In CS, the set of steps to accomplish a task is called algorithms.
In Terminology, Big O notation is used to describe the performance or complexity of an algorithm.
In addition, Big O establishes the worst-case or measure the Upper-Bound steps.
You could refer to Big-Ω (Big-Omega) for best case.
Big-Ω (Big-Omega) notation (article) | Khan Academy
Summary
"Big O" describes the algorithm's performance and evaluates it.

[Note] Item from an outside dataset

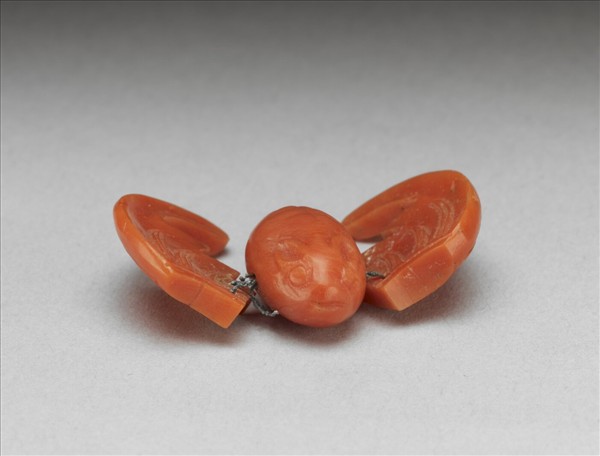 珊瑚嵌珠蝙蝠簪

or address it formally, "Big O" classifies the algorithms and standardize the comparison process.
假设我们正在讨论一种算法 A,它应该对大小为 n 的数据集执行某些操作。
那么
O(<涉及n的某个表达式X>)
用简单的英语来说意味着:碰巧,某些函数(将它们视为 X(n) 的实现)往往会经常出现。 这些是众所周知且易于比较的(示例:
1
、Log N
、N
、N^2
、< code>N! 等..)通过在谈论 A 和其他算法时比较这些,很容易根据算法可能<的操作数量对算法进行排名/em>(最坏情况)需要完成。
一般来说,我们的目标是找到或构造一个算法A,使其具有返回尽可能低的数字的函数
X(n)
。Assume we're talking about an algorithm A, which should do something with a dataset of size n.
Then
O( <some expression X involving n> )
means, in simple English:As it happens, there are certain functions (think of them as implementations of X(n)) that tend to occur quite often. These are well known and easily compared (Examples:
1
,Log N
,N
,N^2
,N!
, etc..)By comparing these when talking about A and other algorithms, it is easy to rank the algorithms according to the number of operations they may (worst-case) require to complete.
In general, our goal will be to find or structure an algorithm A in such a way that it will have a function
X(n)
that returns as low a number as possible.